1

Currently I'm using the following code snippet to convert a .txt file with XML data to .CSV format. My question is this, currently this works perfectly with files that are around 100-200 mbs and the conversion time is very low (1-2 minutes max), However I now need this to work for much bigger files (1-2 GB's each file). Currently the program freezes the computer and the conversion takes about 30-40 minutes with this function. Not sure how I would proceed changing this function. Any help will be appreciated!

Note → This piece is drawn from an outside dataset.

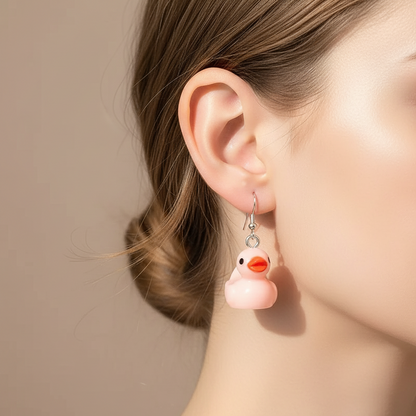 Boucles d'Oreilles Canard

    string all_lines = File.ReadAllText(p);

    all_lines = "<Root>" + all_lines + "</Root>";
    XmlDocument doc_all = new XmlDocument();
    doc_all.LoadXml(all_lines);
    StreamWriter write_all = new StreamWriter(FILENAME1);
    XmlNodeList rows_all = doc_all.GetElementsByTagName("XML");

    foreach (XmlNode rowtemp in rows_all)
    {
        List<string> children_all = new List<string>();
        foreach (XmlNode childtemp in rowtemp.ChildNodes)
        {
            children_all.Add(Regex.Replace(childtemp.InnerText, "\\s+", " "));             
        }
        write_all.WriteLine(string.Join(",", children_all.ToArray()));
    }
    write_all.Flush();
    write_all.Close();

Sample Input::

 <XML><DSTATUS>1,4,7,,5</DSTATUS><EVENT> hello,there,my,name,is,jack,</EVENT>
     last,name,missing,above <ANOTHERTAG>3,6,7,,8,4</ANOTHERTAG> </XML>

 <XML><DSTATUS>1,5,7,,3</DSTATUS><EVENT>hello,there,my,name,is,mary,jane</EVENT>
     last,name,not,missing,above<ANOTHERTAG>3,6,7,,8,4</ANOTHERTAG></XML>

Sample Output::

1,4,7,,5,hello,there,my,name,is,jack,,last,name,missing,above,3,6,7,,8,4
1,5,7,,3,hello,there,my,name,is,mary,jane,last,name,not,missing,above,3,6,7,,8,4
sparta93
  • 3,684
  • 5
  • 32
  • 63
  • You want to parse a 2Gb file. It's going to take time. – Liam Jun 18 '15 at 13:04
  • Possible duplicate of [The most efficient way to parse Xml](http://stackoverflow.com/questions/606304/the-most-efficient-way-to-parse-xml) – Liam Jun 18 '15 at 13:07
  • 1
    Looking at sample input and output I'd say read it line by line **as text** and write everything except tags (`<` + text inside + `>`). Should be fastest way. Based on your last comment, concatenate lines until result contains ``. – Sinatr Jun 18 '15 at 13:14

4 Answers4

4

You need to take a streaming approach, as you're currently reading the entire 2Gb file into memory and then processing it. You should read a bit of XML, write a bit of CSV and keep doing that until you've processed it all.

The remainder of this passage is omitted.